* [PROBLEM] All of the listing is to be written out word for word, with the pictures left out.
%%
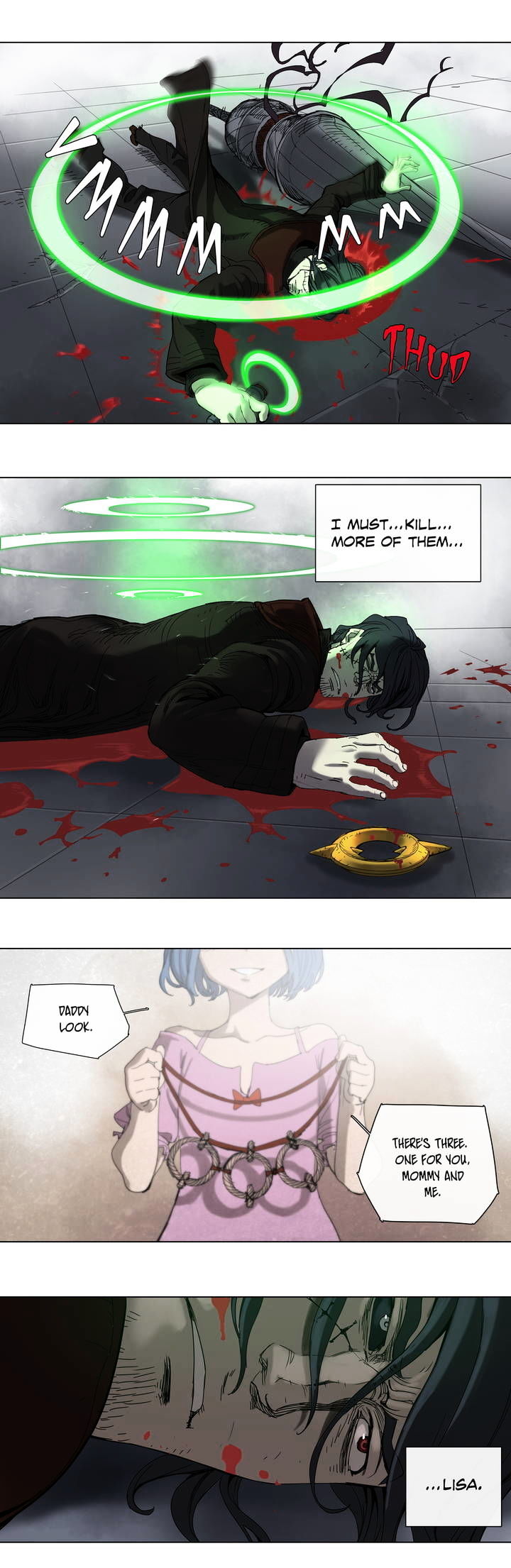 4 Cut Hero chapter 27 - page 4
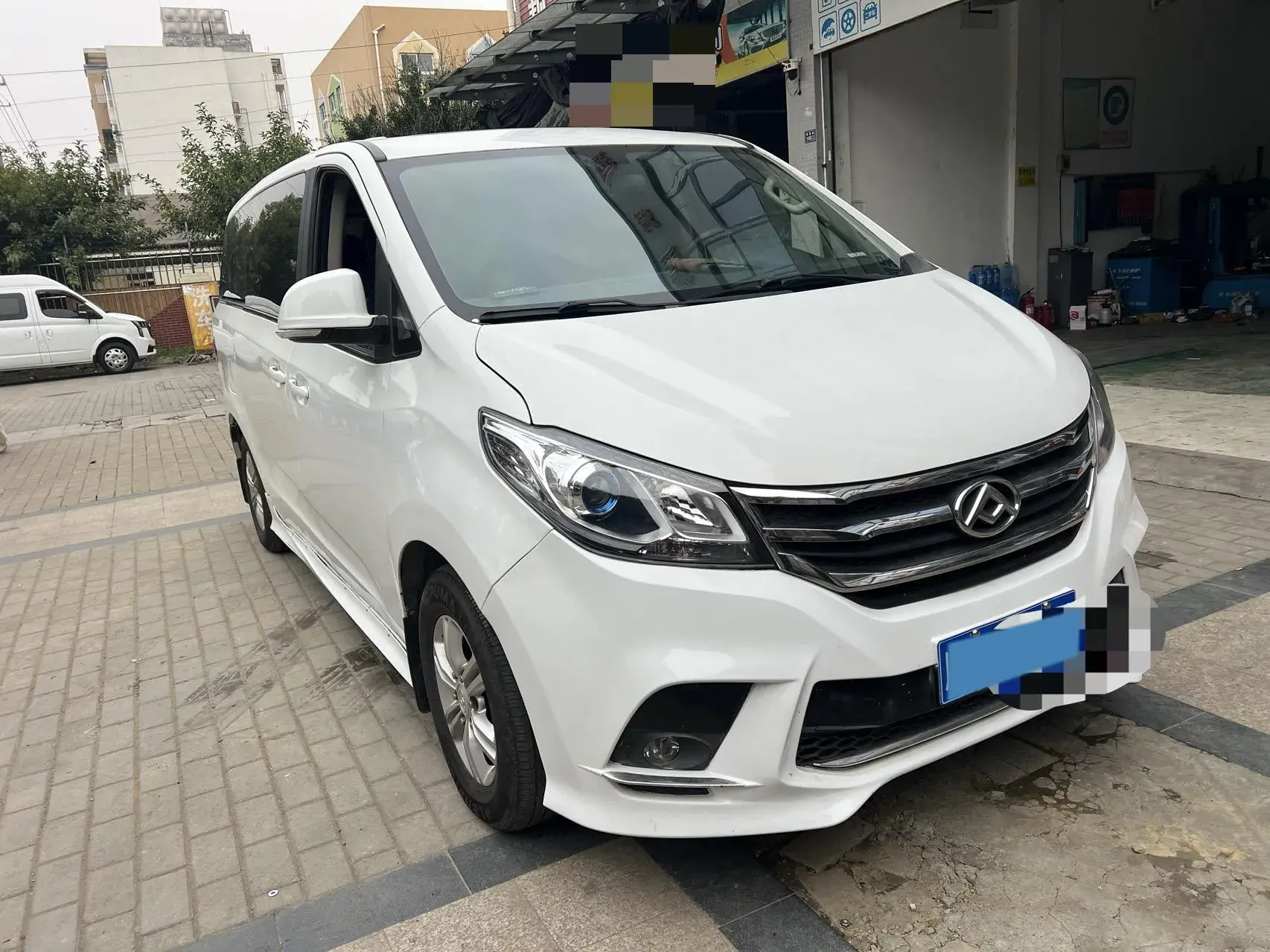 2019 MAXUS G10 thumbnail 2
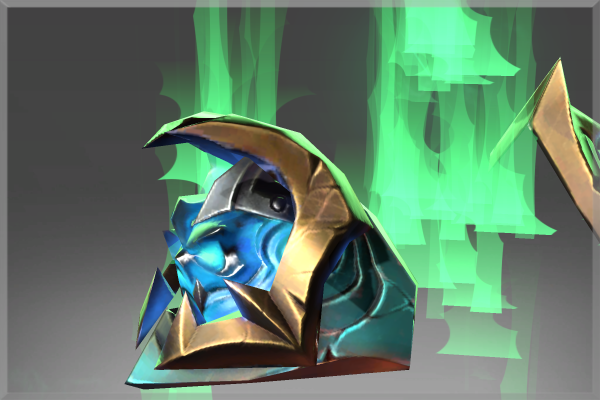 亲笔签名 邪异之获肩部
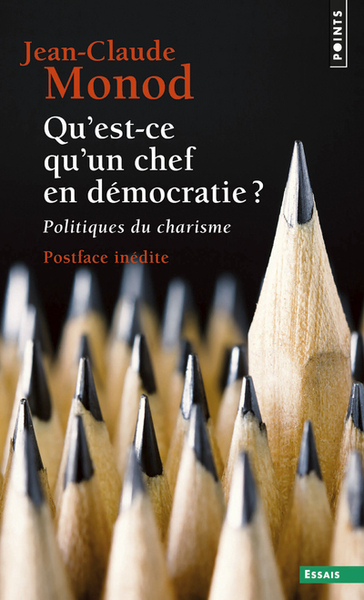 Image de Qu'est-ce qu'un chef en démocratie ?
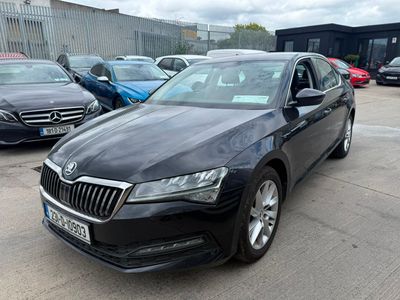 2023 Skoda Superb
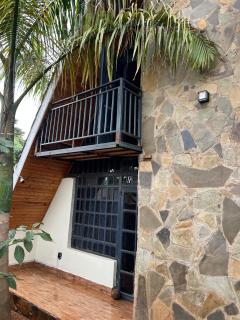 Inzu ya mama A frame Villas - 5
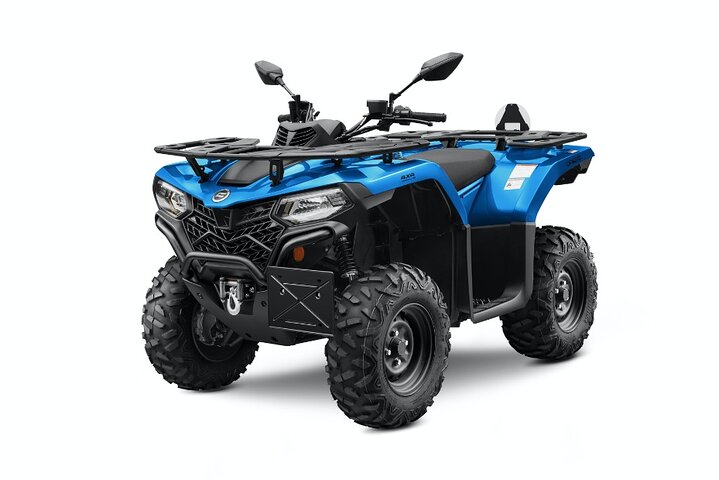 Half day Quad ride - Image 2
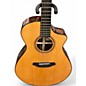 Used Breedlove Performer Pro Natural Acoustic Electric Guitar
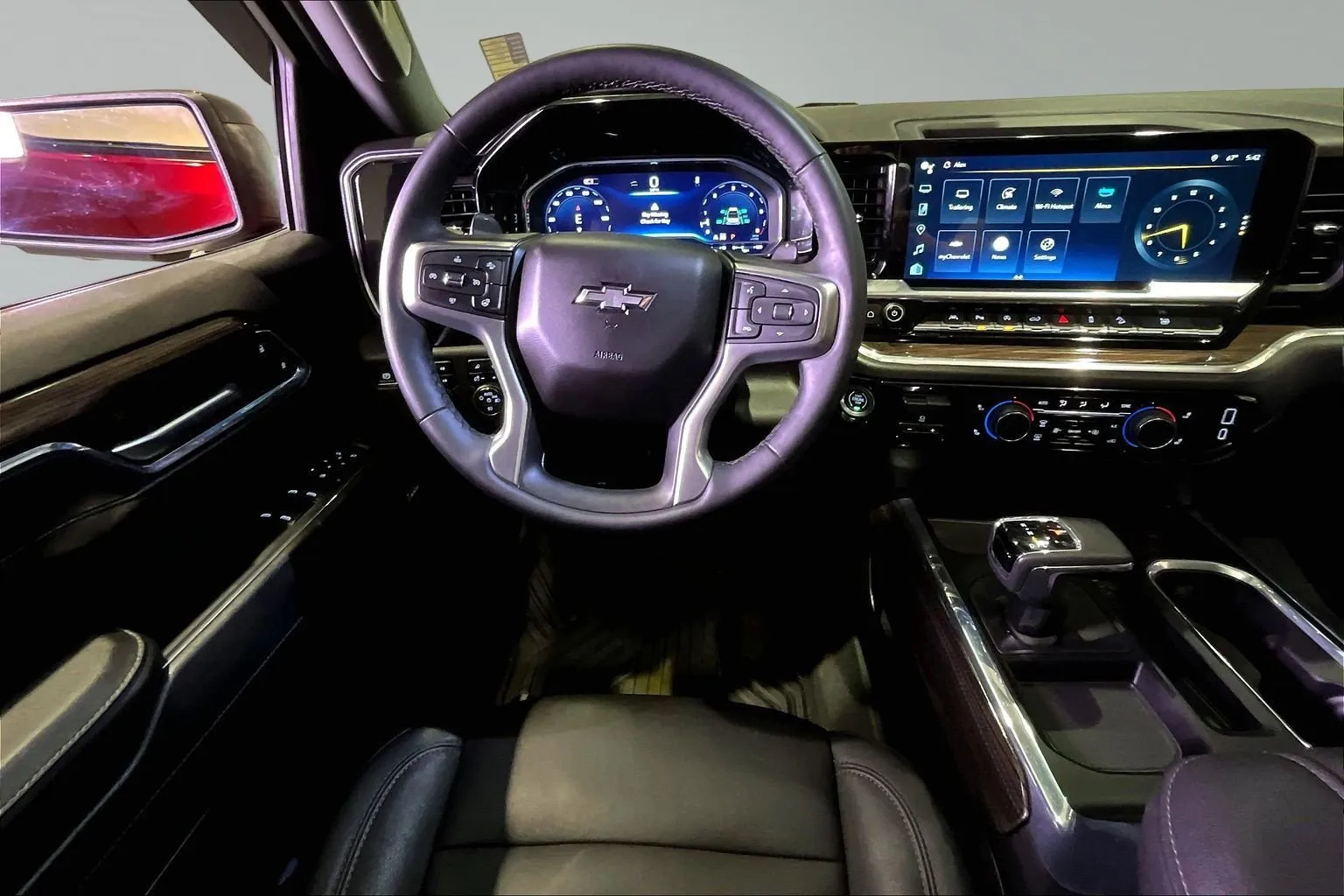 2024 Chevrolet Silverado 1500 RST - Photo 10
%%
* [RESPONSE BELOW]
 4 Cut Hero chapter 27 - page 4
 2019 MAXUS G10 thumbnail 2
 亲笔签名 邪异之获肩部
 Image de Qu'est-ce qu'un chef en démocratie ?
 2023 Skoda Superb
 Inzu ya mama A frame Villas - 5
 Half day Quad ride - Image 2
 Used Breedlove Performer Pro Natural Acoustic Electric Guitar
 2024 Chevrolet Silverado 1500 RST - Photo 10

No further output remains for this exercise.